RECORDS START
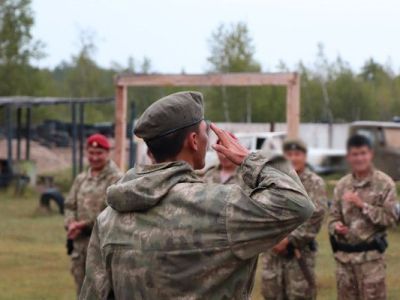 Боец отряда спецназа «Белый медведь» из Якутии удостоен права ношения оливкового берета 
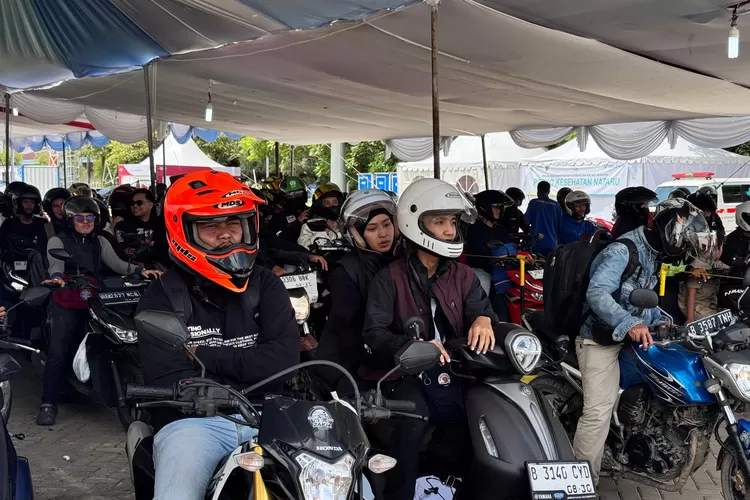 Antrean sepeda motor di Pelabuhan Ciwandan pada Minggu (21/12). Foto : Ist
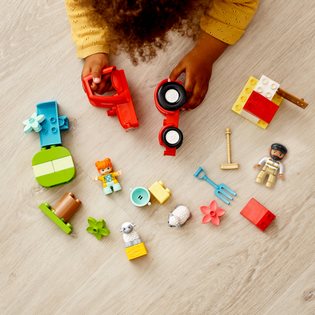 LEGO DUPLO Town 10950 Tractor and farm animals LEGO DUPLO Town 10950 Tractor and farm animals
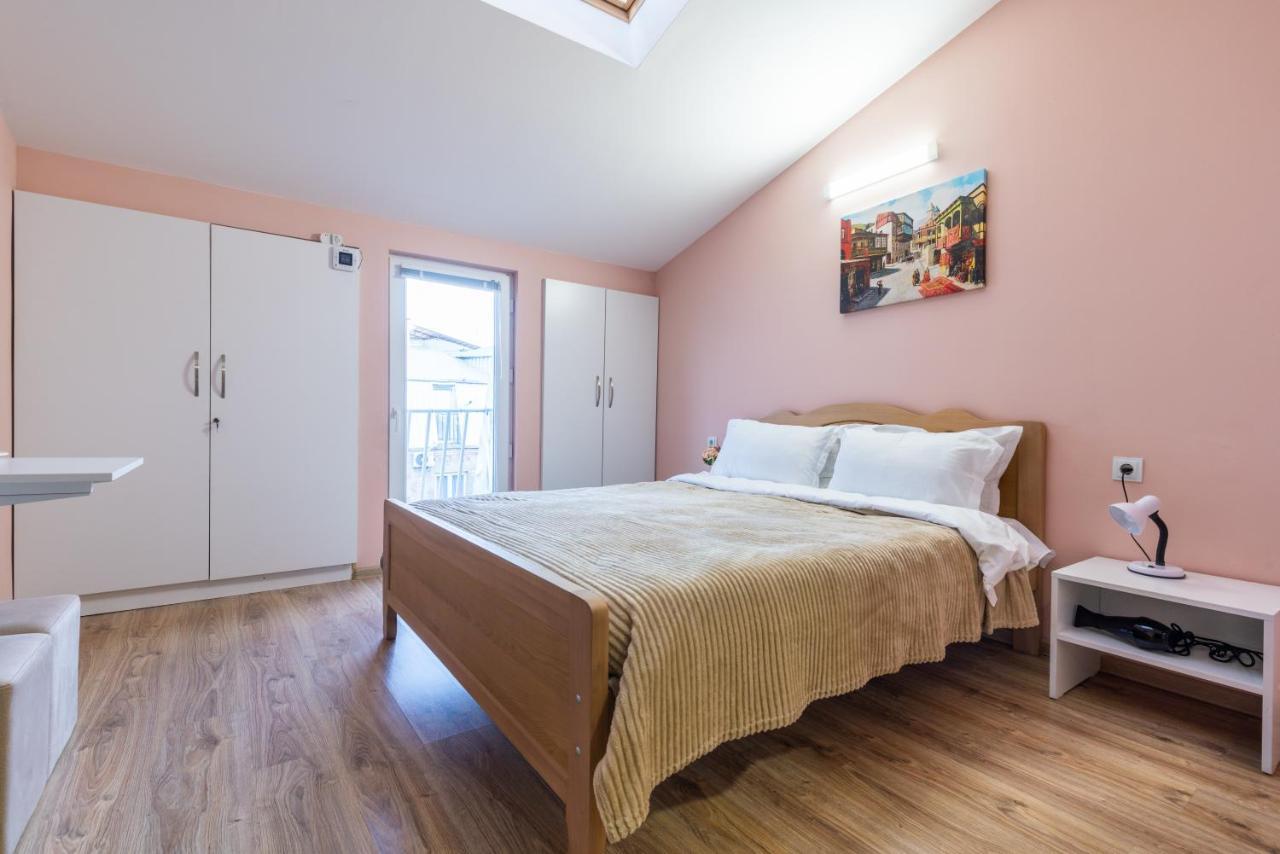 Hb Apartments Laghidze Tbilisi Exteriör bild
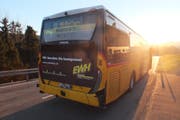 Das Postauto wurde bechädigt, die Passagiere kamen mit dem Schrecken davon. (Bild: Kapo SG)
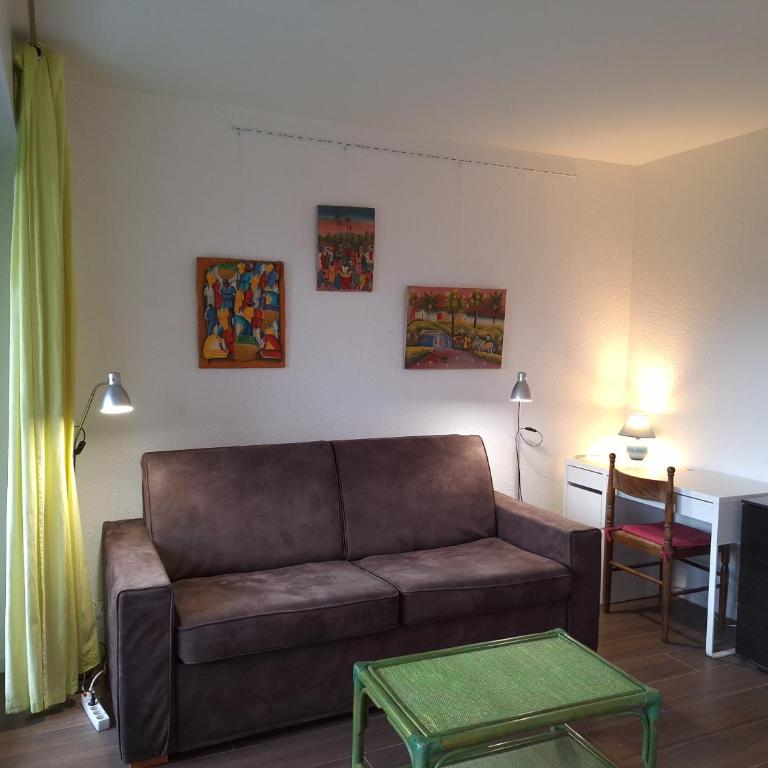 Charmant studio au calme dans le parc - Appartement 1 Chambre - 1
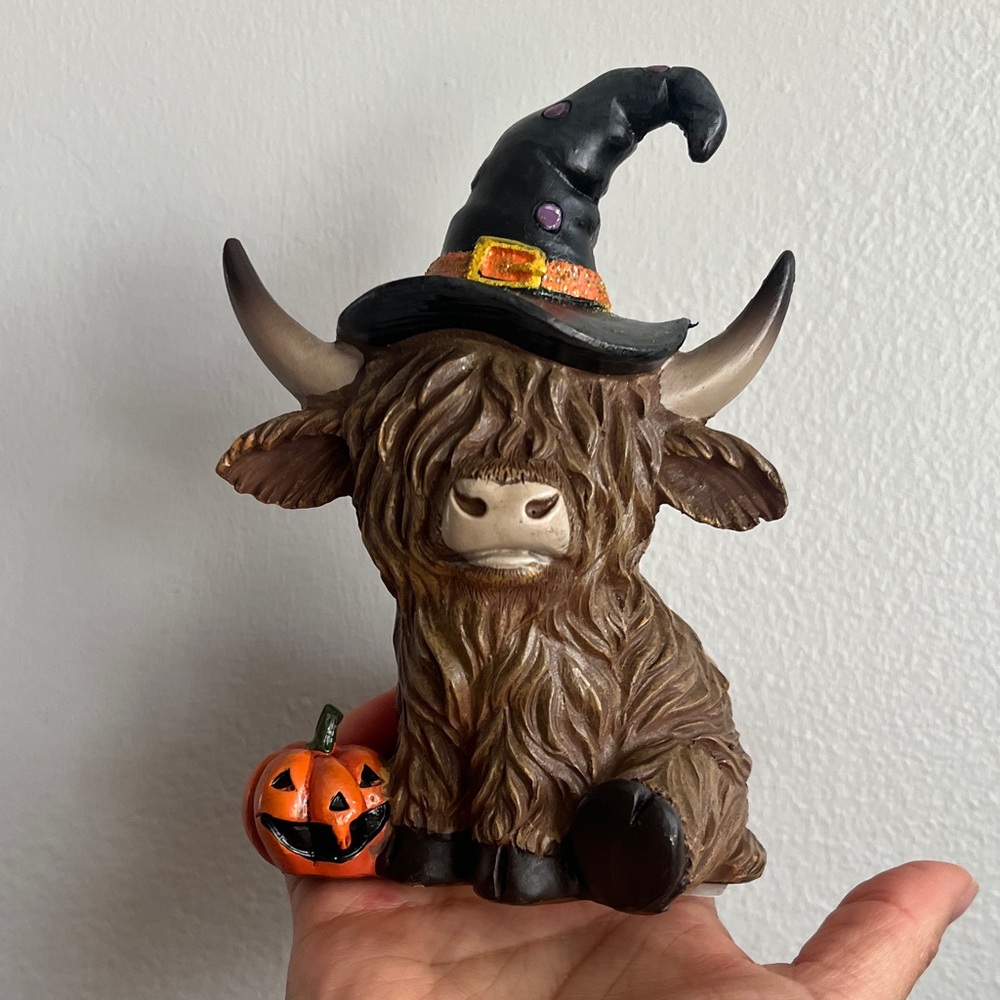 Highland Cow Figurine with Hat
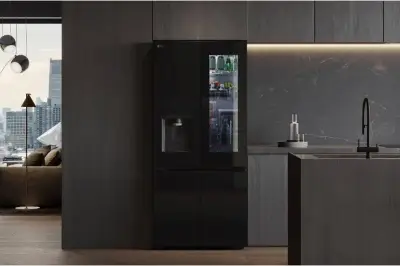 LG Luncurkan Kulkas InstaView Multi-Door dengan Auto Ice Maker untuk Keluarga Modern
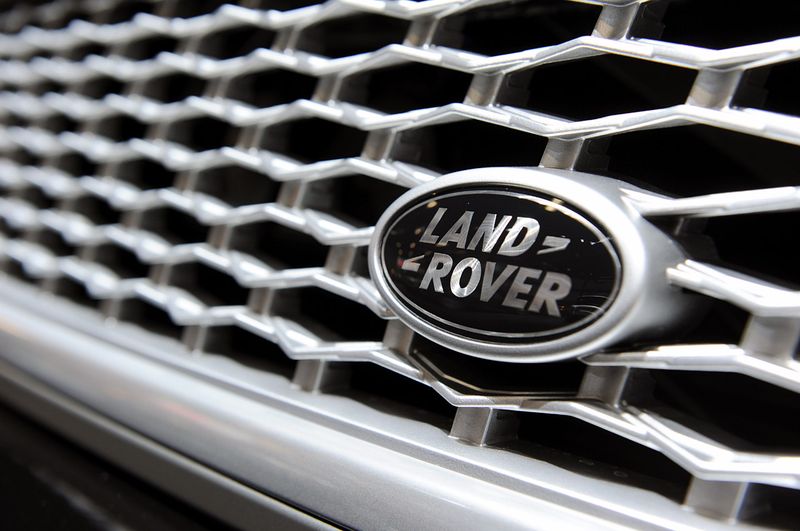 Land Rover объявила о выпуске миллионного внедорожника Range Rover (22 фото)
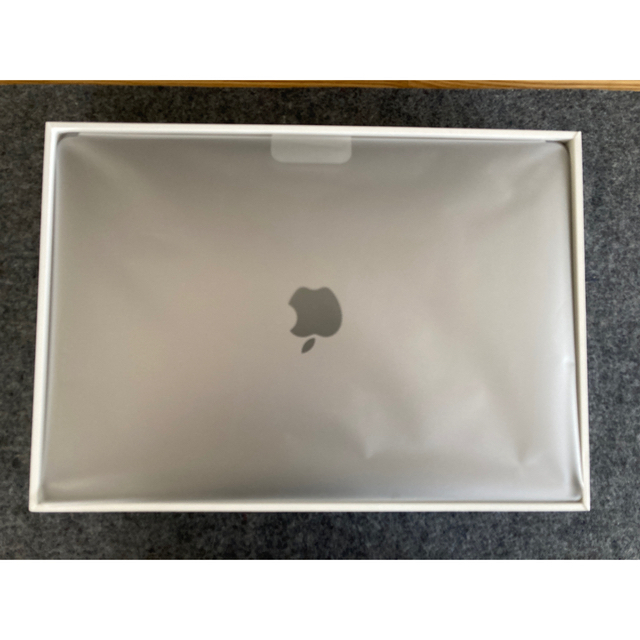 M1 Macbook air 512GB/16GB　USキー　スペースグレイ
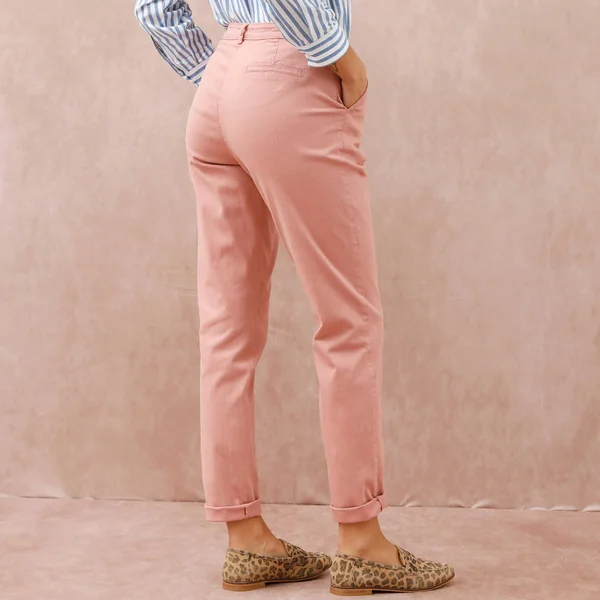 Pantalon coupe mom taille haute, stretch, rose grisé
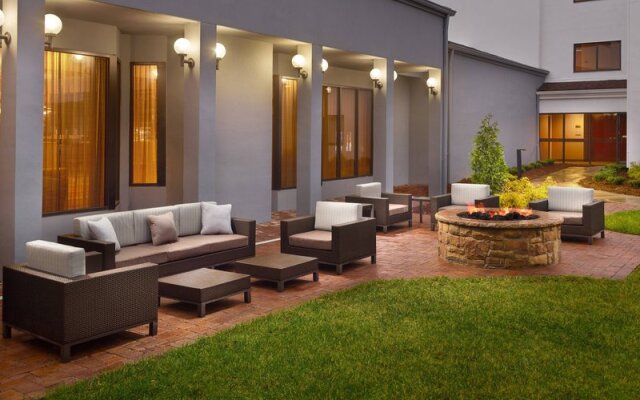 Courtyard Charlotte SouthPark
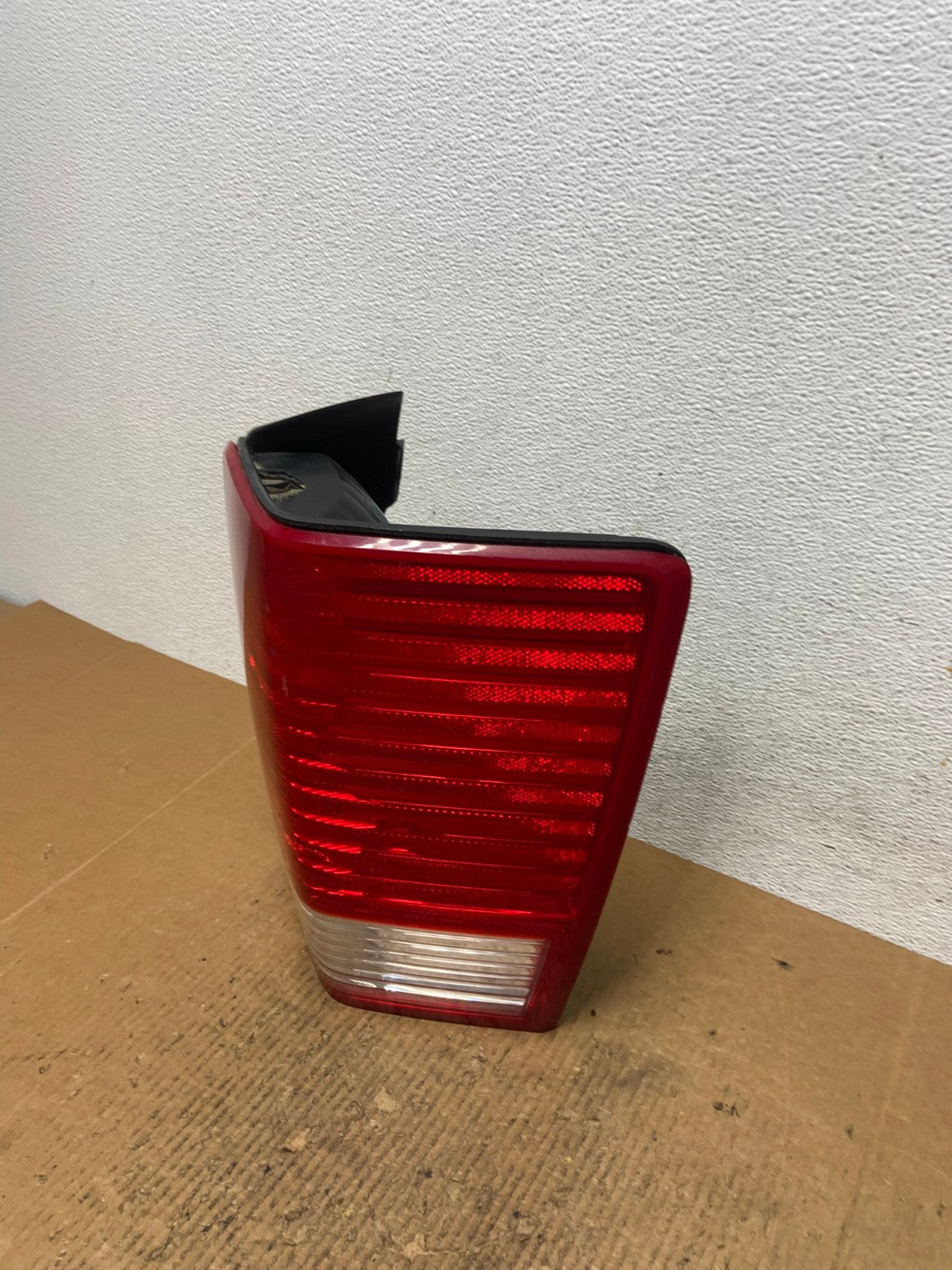 2007 2008 2009 Chrysler Aspen Tail Light Right Passenger Rh Side AE2635 LK1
RECORDS END
A verbatim copy of every record is to be produced, and pictures are to be excluded from it.

 Боец отряда спецназа «Белый медведь» из Якутии удостоен права ношения оливкового берета 
 Antrean sepeda motor di Pelabuhan Ciwandan pada Minggu (21/12). Foto : Ist
 LEGO DUPLO Town 10950 Tractor and farm animals LEGO DUPLO Town 10950 Tractor and farm animals
 Hb Apartments Laghidze Tbilisi Exteriör bild
 Das Postauto wurde bechädigt, die Passagiere kamen mit dem Schrecken davon. (Bild: Kapo SG)
 Charmant studio au calme dans le parc - Appartement 1 Chambre - 1
 Highland Cow Figurine with Hat
 LG Luncurkan Kulkas InstaView Multi-Door dengan Auto Ice Maker untuk Keluarga Modern
 Land Rover объявила о выпуске миллионного внедорожника Range Rover (22 фото)
 M1 Macbook air 512GB/16GB　USキー　スペースグレイ
 Pantalon coupe mom taille haute, stretch, rose grisé
 Courtyard Charlotte SouthPark
 2007 2008 2009 Chrysler Aspen Tail Light Right Passenger Rh Side AE2635 LK1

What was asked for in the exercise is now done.